(Beginning of Data shown)

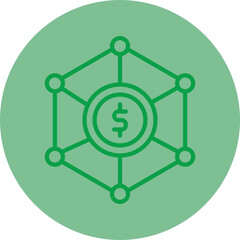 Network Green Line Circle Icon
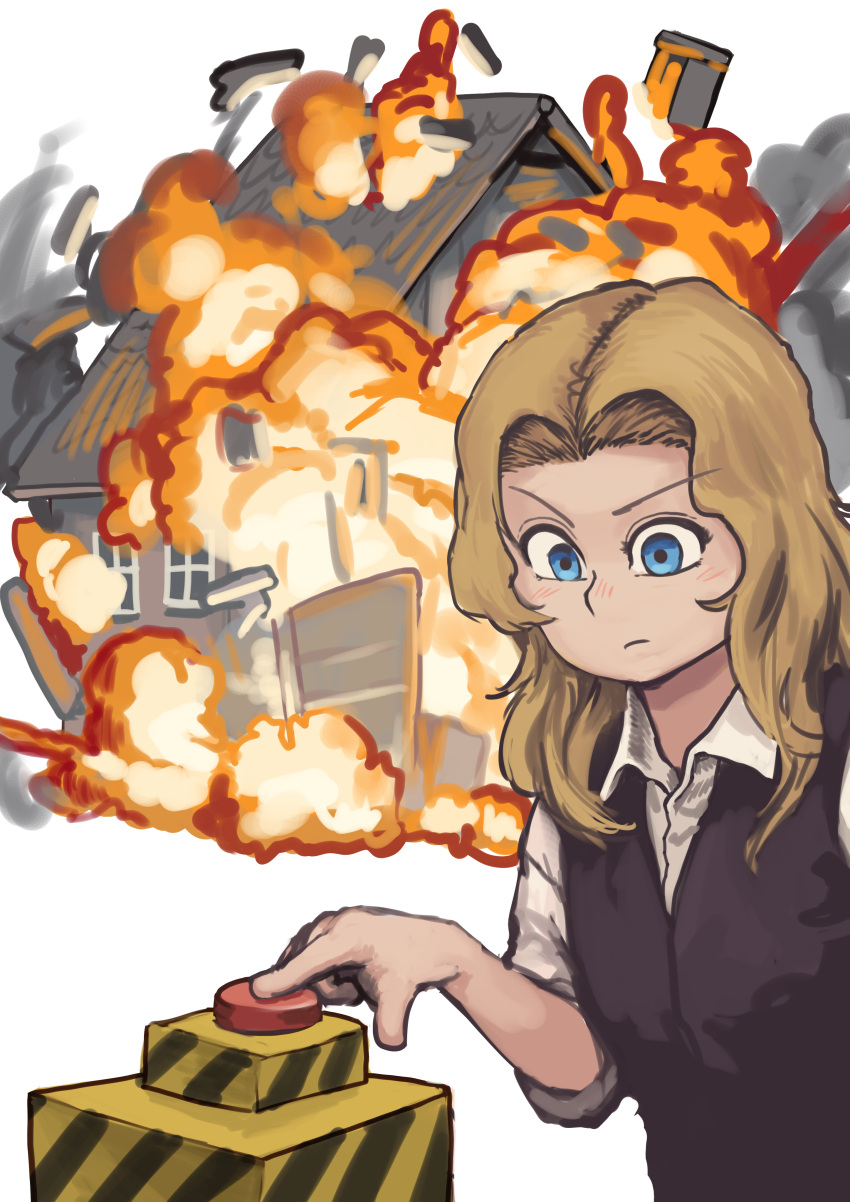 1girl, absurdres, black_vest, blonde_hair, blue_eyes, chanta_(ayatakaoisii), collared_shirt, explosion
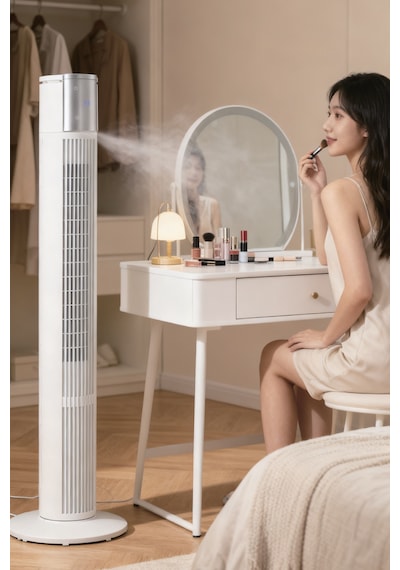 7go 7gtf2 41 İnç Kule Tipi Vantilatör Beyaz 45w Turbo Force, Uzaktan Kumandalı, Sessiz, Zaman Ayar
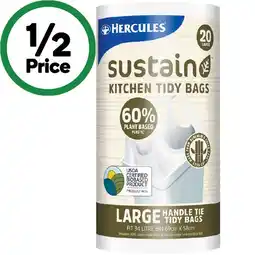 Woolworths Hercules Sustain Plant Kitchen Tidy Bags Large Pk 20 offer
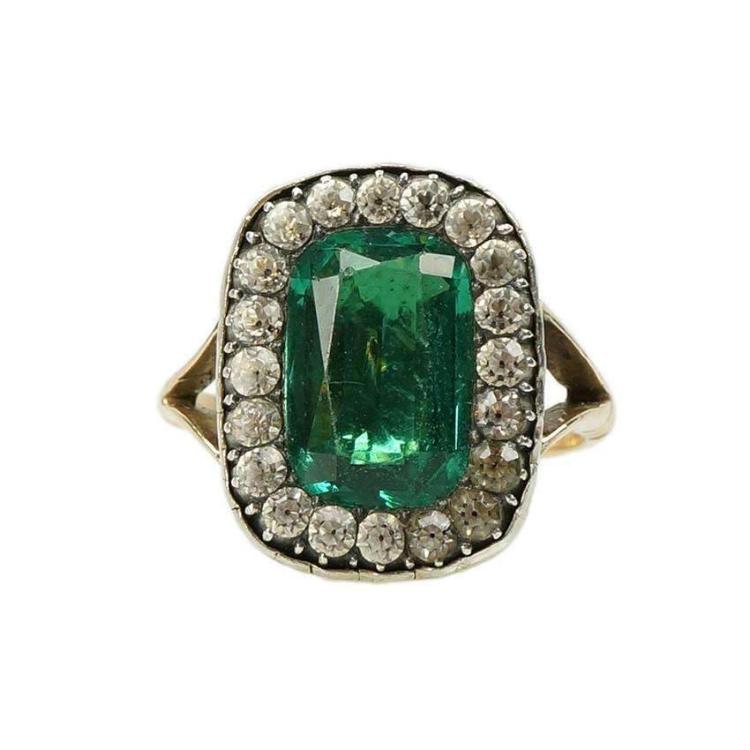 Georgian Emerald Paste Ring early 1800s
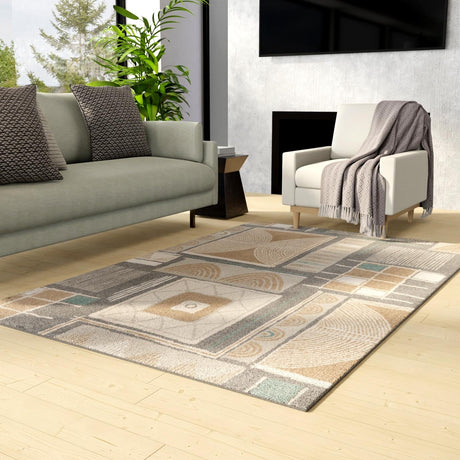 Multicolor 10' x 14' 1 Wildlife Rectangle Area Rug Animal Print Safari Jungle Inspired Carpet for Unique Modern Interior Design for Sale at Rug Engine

(End of Data shown)
(Beginning of Data shown)

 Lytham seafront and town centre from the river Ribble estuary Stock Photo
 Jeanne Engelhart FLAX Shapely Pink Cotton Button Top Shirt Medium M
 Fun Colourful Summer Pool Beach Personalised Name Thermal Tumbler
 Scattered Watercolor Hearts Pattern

(End of Data shown)

> _What you need to do_: Here the job is to copy the listing above word for word, starting at the line with "Woolworths Hercules Sustain" and ending at the line with "Multicolor 10' x", and to leave out the pictures.

> _Output_:
 Woolworths Hercules Sustain Plant Kitchen Tidy Bags Large Pk 20 offer
 Georgian Emerald Paste Ring early 1800s
 Multicolor 10' x 14' 1 Wildlife Rectangle Area Rug Animal Print Safari Jungle Inspired Carpet for Unique Modern Interior Design for Sale at Rug Engine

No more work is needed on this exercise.